The companion matrix of $$p$$ is {C_p} = \left( {\begin{aligned}{*{20}{c}}0&1&0&{...}&0\\0&0&1&{}&0\\:&{}&{}&{}&:\\0&0&0&{}&1\\{ - {a_0}}&{ - {a_1}}&{ - {a_2}}&{...}&{ - {a_{n - 1}}}\end{aligned}} \right).
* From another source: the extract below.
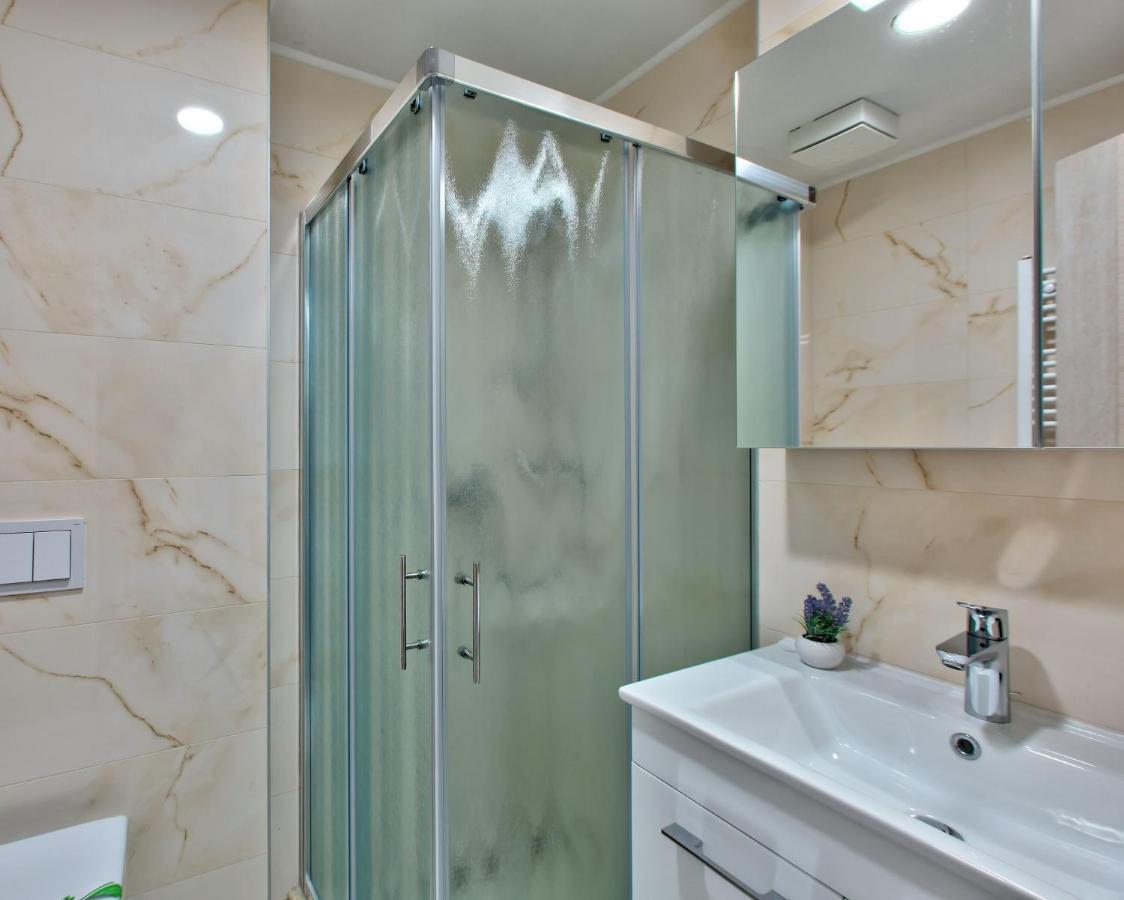 Hotel Dompes Мостар Экстерьер фото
Apply mathematical induction to prove as shown below:

\begin{aligned}{c}\det \left( {{C_p} - \lambda I} \right) &= {\left( { - 1} \right)^n}\left( {{a_0} + {a_1}\lambda + ... + {a_{n - 1}}{\lambda ^{n - 1}} + {\lambda ^n}} \right)\\ &= {\left( { - 1} \right)^n}p\left( \lambda \right)\end{aligned}

## Step 2: Apply mathematical induction to find whether it is true for $$n{\bf{ = 2}}$$

For $$n = 2$$ the matrix is shown below:

{C_p} = \left( {\begin{aligned}{*{20}{c}}0&1\\{ - {a_0}}&{ - {a_1}}\end{aligned}} \right)

Now find the determinant.

\begin{aligned}{c}\det \left( {{C_p} - \lambda I} \right) &= \left( { - \lambda } \right)\left( { - {a_1} - \lambda } \right) + {a_0}\\ &= {a_0} + {a_1}\lambda + {\lambda ^2}\\ &= {\left( { - 1} \right)^2}\left( {{a_0} + {a_1}\lambda + {\lambda ^2}} \right)\end{aligned}

Thus, the result is true for $$n = 2$$.

## Step 3: Apply mathematical induction to find whether it is true for $$n = k$$

Assume the result is true for $$n = k$$.

$$\det \left( {{C_p} - \lambda I} \right) = {\left( { - 1} \right)^k}q\left( \lambda \right)$$

Now check the result for $$n = k + 1$$.

Now find the determinant.

\begin{aligned}{c}\det \left( {{C_p} - \lambda I} \right) &= \det \left( {\begin{aligned}{*{20}{c}}{ - \lambda }&1&0&{...}&0\\0&{ - \lambda }&1&{}&0\\:&{}&{}&{}&:\\0&0&0&{}&1\\{ - {a_0}}&{ - {a_1}}&{ - {a_2}}&{...}&{ - {a_k} - \lambda }\end{aligned}} \right)\\ &= \left( { - \lambda } \right)\det + \left( {\begin{aligned}{*{20}{c}}{ - \lambda }&1&{...}&0\\:&:&:&:\\0&{...}&{...}&1\\{ - {a_1}}&{ - {a_2}}&{...}&{ - {a_k} - \lambda }\end{aligned}} \right) + 0... + {\left( { - 1} \right)^{k + 1}}{a_0}et\left( {\begin{aligned}{*{20}{c}}1&0&{...}&0\\0&1&:&:\\:&{...}&{...}&1\\0&0&{...}&1\end{aligned}} \right)\\ &= \left( { - \lambda } \right){\left( { - 1} \right)^k}q\left( \lambda \right) + {\left( { - 1} \right)^{k + 1}}{a_0}\\ &= \left( \lambda \right)\left( { - 1} \right){\left( { - 1} \right)^k}\left( {{a_1} + ... + {a_k}{\lambda ^{k - 1}} + {\lambda ^k}} \right) + {\left( { - 1} \right)^{k + 1}}{a_0}\\ &= {\left( { - 1} \right)^{k + 1}}p\left( \lambda \right)\end{aligned}

Thus, the result is true for $$n \ge 2$$.

Hence, it is proved that for $$n = k + 1$$, $$\det \left( {{C_p} - \lambda I} \right) = {\left( { - 1} \right)^{k + 1}}p\left( \lambda \right)$$.